INFORMATION SHOWN section start

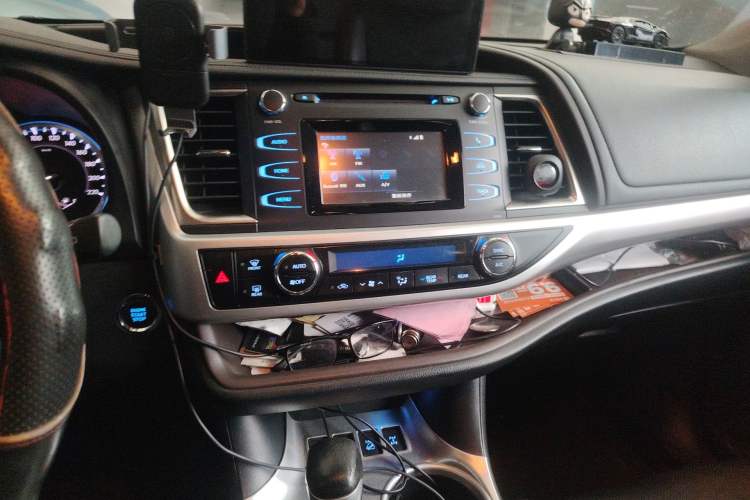 Used Toyota Highlander 2017 2.0T Four-Wheel Drive Luxury Edition 7 Seats Audio And AC Panel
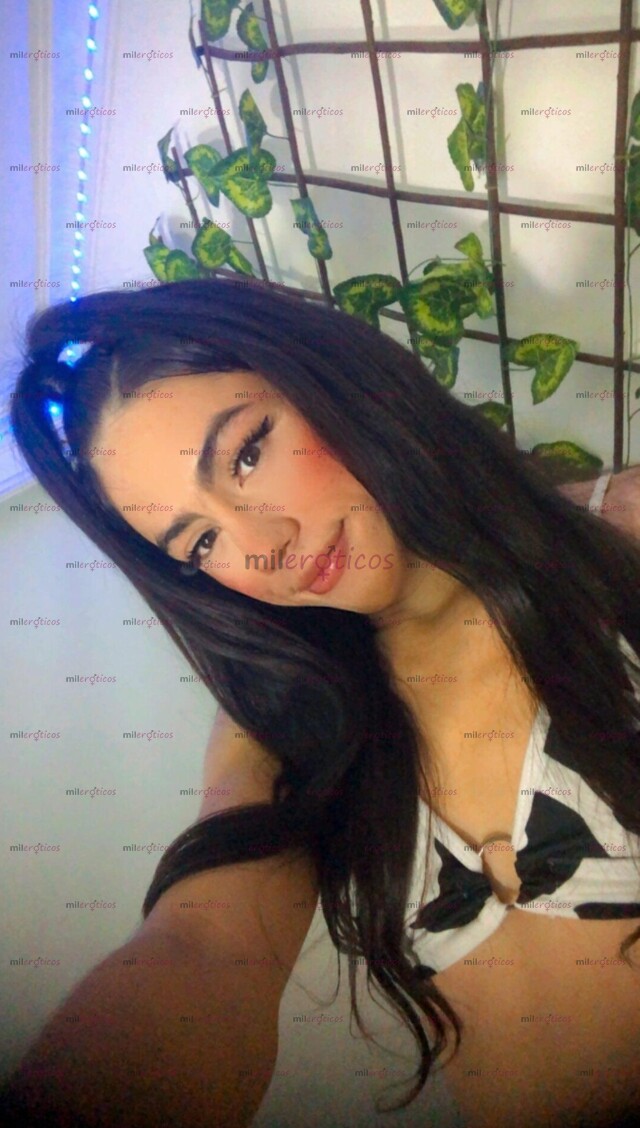 FOTOS DE CALEÑA VERGONA CON GANAS DE TODO ABIERTA A TODO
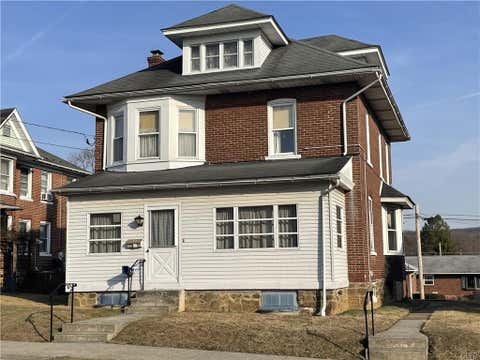 Photo for 823 Easton Road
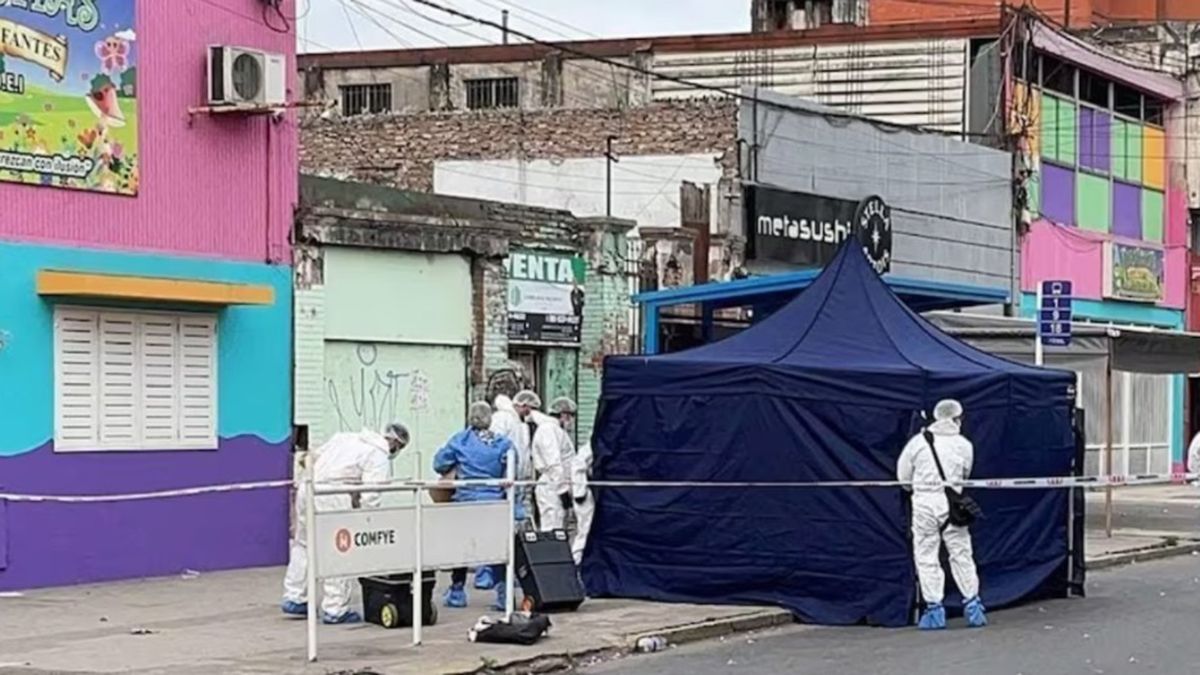 Una discusión a la salida de un boliche, terminó con la muerte de un joven de 20 años quien fue golpeado en el rostro. Una discusión a la salida de un boliche, terminó con la muerte de un joven de 20 años quien fue golpeado en el rostro.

INFORMATION SHOWN section end

**DIRECTIONS:**
Starting at the line with "FOTOS DE CALEÑA", transcribe the listing above exactly through its last line. No picture belongs in the transcription.

**RESPONSE FOR THIS EXERCISE:**
 FOTOS DE CALEÑA VERGONA CON GANAS DE TODO ABIERTA A TODO
 Photo for 823 Easton Road
 Una discusión a la salida de un boliche, terminó con la muerte de un joven de 20 años quien fue golpeado en el rostro. Una discusión a la salida de un boliche, terminó con la muerte de un joven de 20 años quien fue golpeado en el rostro.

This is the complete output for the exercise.